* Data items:
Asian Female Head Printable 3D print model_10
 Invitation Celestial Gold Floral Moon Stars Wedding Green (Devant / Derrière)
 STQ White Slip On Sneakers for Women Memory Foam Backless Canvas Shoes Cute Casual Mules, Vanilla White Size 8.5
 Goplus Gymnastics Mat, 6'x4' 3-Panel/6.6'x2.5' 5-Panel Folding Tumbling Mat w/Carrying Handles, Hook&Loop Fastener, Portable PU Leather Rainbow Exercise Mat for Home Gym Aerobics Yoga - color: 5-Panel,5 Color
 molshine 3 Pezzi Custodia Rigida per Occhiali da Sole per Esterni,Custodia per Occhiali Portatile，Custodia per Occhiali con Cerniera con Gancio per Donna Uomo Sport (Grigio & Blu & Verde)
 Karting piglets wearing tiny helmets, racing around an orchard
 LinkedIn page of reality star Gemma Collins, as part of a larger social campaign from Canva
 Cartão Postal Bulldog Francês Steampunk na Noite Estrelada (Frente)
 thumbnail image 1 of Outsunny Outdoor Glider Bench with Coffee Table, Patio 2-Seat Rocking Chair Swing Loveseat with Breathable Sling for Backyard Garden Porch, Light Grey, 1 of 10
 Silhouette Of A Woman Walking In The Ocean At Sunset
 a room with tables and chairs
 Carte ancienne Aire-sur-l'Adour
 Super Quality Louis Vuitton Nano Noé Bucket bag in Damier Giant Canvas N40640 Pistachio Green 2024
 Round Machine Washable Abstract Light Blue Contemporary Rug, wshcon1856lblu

* Your goal: In the records above, find every line that contains the word "Green" and copy it.

* Solution to this exercise:
 Invitation Celestial Gold Floral Moon Stars Wedding Green (Devant / Derrière)
 Super Quality Louis Vuitton Nano Noé Bucket bag in Damier Giant Canvas N40640 Pistachio Green 2024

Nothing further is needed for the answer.